Dataset ->
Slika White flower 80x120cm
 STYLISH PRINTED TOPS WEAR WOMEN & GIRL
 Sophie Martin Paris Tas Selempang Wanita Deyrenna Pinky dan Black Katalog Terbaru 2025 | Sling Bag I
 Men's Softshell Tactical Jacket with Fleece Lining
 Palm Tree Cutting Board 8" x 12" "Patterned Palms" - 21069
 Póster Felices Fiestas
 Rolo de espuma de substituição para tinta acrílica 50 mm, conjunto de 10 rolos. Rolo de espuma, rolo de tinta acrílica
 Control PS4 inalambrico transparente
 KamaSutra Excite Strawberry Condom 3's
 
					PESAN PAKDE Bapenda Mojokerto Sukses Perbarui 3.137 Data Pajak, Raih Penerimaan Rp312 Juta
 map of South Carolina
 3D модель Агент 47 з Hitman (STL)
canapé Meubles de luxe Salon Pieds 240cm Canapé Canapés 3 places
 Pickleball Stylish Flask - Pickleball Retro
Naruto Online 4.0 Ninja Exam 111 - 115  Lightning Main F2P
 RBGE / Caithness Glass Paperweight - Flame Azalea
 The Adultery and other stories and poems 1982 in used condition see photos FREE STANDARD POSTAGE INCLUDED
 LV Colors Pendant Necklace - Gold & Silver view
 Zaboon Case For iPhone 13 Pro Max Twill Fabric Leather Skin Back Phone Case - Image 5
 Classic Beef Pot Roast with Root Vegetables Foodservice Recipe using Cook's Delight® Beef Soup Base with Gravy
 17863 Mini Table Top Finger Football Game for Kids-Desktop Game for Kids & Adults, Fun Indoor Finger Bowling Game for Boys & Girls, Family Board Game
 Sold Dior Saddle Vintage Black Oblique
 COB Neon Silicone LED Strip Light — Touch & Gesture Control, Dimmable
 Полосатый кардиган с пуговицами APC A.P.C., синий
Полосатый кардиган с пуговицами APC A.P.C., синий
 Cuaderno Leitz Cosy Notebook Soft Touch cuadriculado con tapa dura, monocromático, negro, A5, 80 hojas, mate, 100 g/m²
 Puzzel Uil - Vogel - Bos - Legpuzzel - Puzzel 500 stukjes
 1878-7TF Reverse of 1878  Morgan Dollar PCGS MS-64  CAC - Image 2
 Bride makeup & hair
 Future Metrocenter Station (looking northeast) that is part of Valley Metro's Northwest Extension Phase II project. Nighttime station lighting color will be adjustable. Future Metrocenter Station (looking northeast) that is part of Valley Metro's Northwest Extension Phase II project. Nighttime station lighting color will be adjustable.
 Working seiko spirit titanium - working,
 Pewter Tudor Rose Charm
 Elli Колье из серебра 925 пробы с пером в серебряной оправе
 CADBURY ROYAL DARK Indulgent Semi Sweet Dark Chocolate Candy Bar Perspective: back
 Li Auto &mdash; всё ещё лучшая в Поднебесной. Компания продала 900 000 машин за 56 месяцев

Problem to solve ->
Which lines belong in the answer? Exactly those from the first line of the entries through the line holding "Classic Beef Pot", inclusive, copied unchanged.

Reply to the task ->
Slika White flower 80x120cm
 STYLISH PRINTED TOPS WEAR WOMEN & GIRL
 Sophie Martin Paris Tas Selempang Wanita Deyrenna Pinky dan Black Katalog Terbaru 2025 | Sling Bag I
 Men's Softshell Tactical Jacket with Fleece Lining
 Palm Tree Cutting Board 8" x 12" "Patterned Palms" - 21069
 Póster Felices Fiestas
 Rolo de espuma de substituição para tinta acrílica 50 mm, conjunto de 10 rolos. Rolo de espuma, rolo de tinta acrílica
 Control PS4 inalambrico transparente
 KamaSutra Excite Strawberry Condom 3's
 
					PESAN PAKDE Bapenda Mojokerto Sukses Perbarui 3.137 Data Pajak, Raih Penerimaan Rp312 Juta
 map of South Carolina
 3D модель Агент 47 з Hitman (STL)
canapé Meubles de luxe Salon Pieds 240cm Canapé Canapés 3 places
 Pickleball Stylish Flask - Pickleball Retro
Naruto Online 4.0 Ninja Exam 111 - 115  Lightning Main F2P
 RBGE / Caithness Glass Paperweight - Flame Azalea
 The Adultery and other stories and poems 1982 in used condition see photos FREE STANDARD POSTAGE INCLUDED
 LV Colors Pendant Necklace - Gold & Silver view
 Zaboon Case For iPhone 13 Pro Max Twill Fabric Leather Skin Back Phone Case - Image 5
 Classic Beef Pot Roast with Root Vegetables Foodservice Recipe using Cook's Delight® Beef Soup Base with Gravy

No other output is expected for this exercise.